И встал он и увидел множество народу, и застыл мир на долю, на миг, на квант, когда пальцы еще не нажали на спусковые крючки, или уже нажали и пули ушли в воздух, так как больше не было в кого целиться.
Возникшая фигура в зеленой хламиде являлась настолько привлекательной мишенью, что никто не решался скосить ее автоматной очередью, срезать гранатой, все замерли в ожидании — что будет в следующее мгновение, они хотели посмотреть только, что он сделает через секунду и… спустить крючки, вновь дать волю ненависти и смеху над чьей-то глупостью, подавив возникший интерес и, возможно, некие шевеления того, что следовало назвать, с известной натяжкой, жалостью, милосердием. С легкостью мы уничтожаем в себе хорошее, ибо подъем всегда гораздо труднее чем падение.

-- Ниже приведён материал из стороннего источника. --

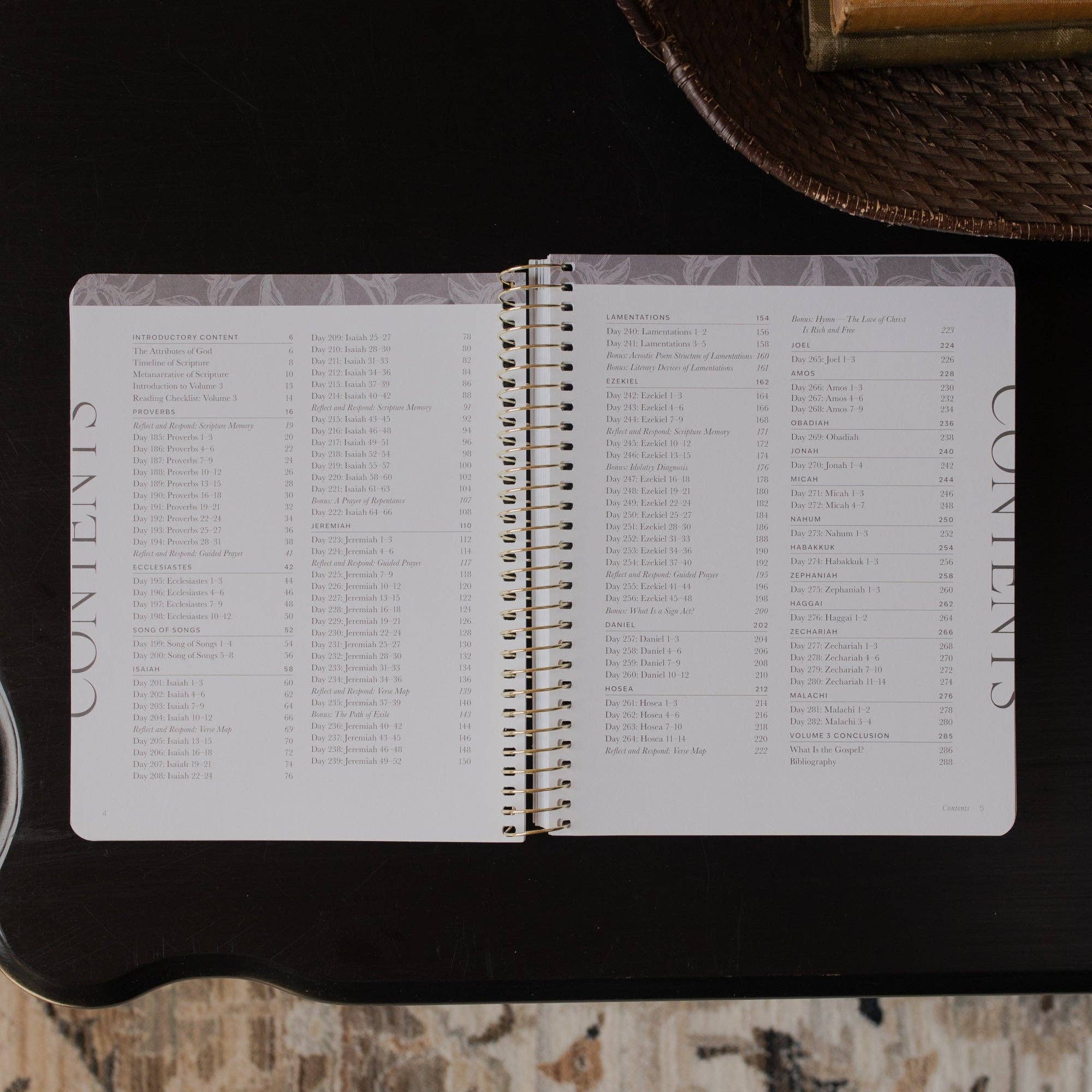 A Year in the Bible | Volume 3 Bible Study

Но и этого оказалось достаточно странной фигуре дабы вскочить на броню танка, стать еще беззащитнее, еще более открытой и этим выиграть еще секунду, не прятаться, не оскальзываться на кирпичах активной защиты, просто стоять, уверенно, невозмутимо, своей уверенностью и невозмутимостью, и чем-то еще цепляя смотрящих на него сквозь прорези прицелов людей.
Тут главное было не ставить себе цель остановить стрельбу на минуту, на час, главное здесь были секунды, конкретные движения длинной стрелки на часах, за которые и шла невидимая борьба, он исчерпал их, выбрал, движением тела уже не помочь, оружие не спасет, он не успевал, жизнь стремилась к нулю, и тогда он начал говорить, найдя где-то внутри себя эти нужные слова, не придумывал, не импровизировал, просто говорил и каждый звук тянул за собой другой, слово тянуло фразу, фразы складывались в речь, которую не заглушали никакие посторонние звуки, голос раскатывался четко, ясно, словно их шептали каждому в уши, согревая их еще и теплом человеческого дыхания.
Вряд ли бы так внимали революционному агитатору, гипнотизирующая убежденность и ярость могли увлечь многих, обмануть большинство, заставить слушать почти всех, но всегда нашелся бы тот, кого не трогала болезненно рвущая уши риторика, кто в лучшем случае просто плюнул и ушел, а в худшем — пальнул из пистолета, затыкая свинцовым кляпам набившее оскомину словоблудие.